Carrier's plans sparked national attention after President-elect Donald Trump, who had promised to prevent the offshoring, intervened, securing a deal to keep 800 jobs on American soil in exchange for roughly $7 million in state tax incentives.
That was a sliver of the $65 million the company projected it would annually save after shuttling jobs south of the border, triggering questions about why Carrier agreed to the deal.
The March letter, which was previously reported by Indianapolis television news, may offer a clue. How Trump and Carrier reached an agreement remains murky. Speculation has focused on the company's desire to please the new president and maintain United Technologies' government contracts. But in a company statement, Carrier asserted the Trump administration will “create an improved, more competitive U.S. business climate.”
Trump, meanwhile, has promised to scale back regulation.
“Fifty-three new regulations,” Trump said in a Dec. 1 speech at Carrier's Indianapolis plant, repeating a figure that Robert McDonough, the chief executive of Carrier parent United Technologies, had used to explain the regulations his company faced. “Massively expensive and probably none of them amount to anything in terms of safety. … Your unnecessary regulations are going to be gone.” (United Technologies declined requests for comment.)
Neither Trump nor McDonough identified which regulations they think are stymieing enterprise, but Carrier sent a list of Department of Energy efficiency rules to Schellinger, records show.
The Energy Department standards, to be clear, apply to home and commercial appliances sold in the United States. They wouldn't fall away because a business leaves the country.
Francis Dietz, spokesman for the Air Conditioning, Heating and Refrigeration Institute, the trade group that represents Carrier, said the recent flurry of efficiency regulations under President Obama have jacked up overall costs for companies like Carrier. Seeking cheaper labor, he said, is one way to offset that.
“The point is: When you have a large number of regulations, that ends up costing you a lot of money, and you start looking for other ways to save money,” Dietz said. “This leads companies to move some of their operations to where the cost to produce them is less.”
He produced a list of 52 measures, introduced by the Department of Energy between 2009 and 2016, that seek to alter the way companies make their heating and cooling products — including air conditioners and furnaces.
Trump has vowed to kill the EPA’s Clean Power Plan and said he might back out of the Paris climate agreement, moves that dramatically downgrade climate change’s status as a national priority. He has not, however, blasted energy efficiency rules, which save consumers money while also curbing carbon emissions.
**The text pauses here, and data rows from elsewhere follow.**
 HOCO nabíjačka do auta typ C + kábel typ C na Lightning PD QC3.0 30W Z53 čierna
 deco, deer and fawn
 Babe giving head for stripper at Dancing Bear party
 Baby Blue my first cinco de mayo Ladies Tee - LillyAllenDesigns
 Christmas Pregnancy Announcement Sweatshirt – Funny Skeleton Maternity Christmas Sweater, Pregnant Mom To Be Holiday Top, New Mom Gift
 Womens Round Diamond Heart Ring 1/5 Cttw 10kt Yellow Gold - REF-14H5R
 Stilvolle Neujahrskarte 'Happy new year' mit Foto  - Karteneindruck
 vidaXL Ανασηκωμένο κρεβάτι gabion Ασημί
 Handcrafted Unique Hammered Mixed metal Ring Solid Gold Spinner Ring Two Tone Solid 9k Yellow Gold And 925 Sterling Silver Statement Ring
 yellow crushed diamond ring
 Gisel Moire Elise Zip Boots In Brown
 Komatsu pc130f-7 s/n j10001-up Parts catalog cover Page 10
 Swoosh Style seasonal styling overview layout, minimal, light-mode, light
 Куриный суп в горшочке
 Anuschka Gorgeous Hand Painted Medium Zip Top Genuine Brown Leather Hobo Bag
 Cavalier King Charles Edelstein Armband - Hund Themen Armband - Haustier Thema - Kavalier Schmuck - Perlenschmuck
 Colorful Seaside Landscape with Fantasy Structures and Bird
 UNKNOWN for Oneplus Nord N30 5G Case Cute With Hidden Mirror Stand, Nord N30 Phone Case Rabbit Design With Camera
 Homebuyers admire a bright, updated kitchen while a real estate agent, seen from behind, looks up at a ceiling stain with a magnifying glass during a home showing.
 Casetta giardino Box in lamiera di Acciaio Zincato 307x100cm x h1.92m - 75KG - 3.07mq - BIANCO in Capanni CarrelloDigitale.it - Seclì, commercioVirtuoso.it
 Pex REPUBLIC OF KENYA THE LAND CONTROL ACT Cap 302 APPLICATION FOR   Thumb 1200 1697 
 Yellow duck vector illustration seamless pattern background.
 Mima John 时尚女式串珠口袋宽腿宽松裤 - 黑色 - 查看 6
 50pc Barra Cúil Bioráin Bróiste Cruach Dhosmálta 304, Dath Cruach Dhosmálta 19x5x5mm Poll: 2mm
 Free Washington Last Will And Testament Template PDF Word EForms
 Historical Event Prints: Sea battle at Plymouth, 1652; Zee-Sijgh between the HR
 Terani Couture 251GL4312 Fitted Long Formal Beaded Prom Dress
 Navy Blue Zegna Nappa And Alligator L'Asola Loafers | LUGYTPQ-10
Obama’s Energy Department has finalized more new standards for energy efficient appliances than any past administration, pushing improvements for 45 different products, such as refrigerators and light bulbs.
James Sweeney, director of Stanford University’s Precourt Institute for Energy Efficiency, said if Trump wanted to undo Obama's rules, he couldn't knock them out by himself or quickly. Removing them would require producing new proposals that would have to pass economic analyses and any lawsuits. (Regulations finalized after May, however, could be subject to a speedier congressional reversal, thanks to Republican dominance on Capitol Hill.)
“He’d have to go through the process in reverse,” Sweeney said.
Under Obama's rules, Americans would save an estimated $540 billion in electric and other bill expenditures through 2030, said Andrew deLaski, executive director of the Appliance Standards Awareness Project. The updates are also expected to annually slash emissions during that period by 210 million tons.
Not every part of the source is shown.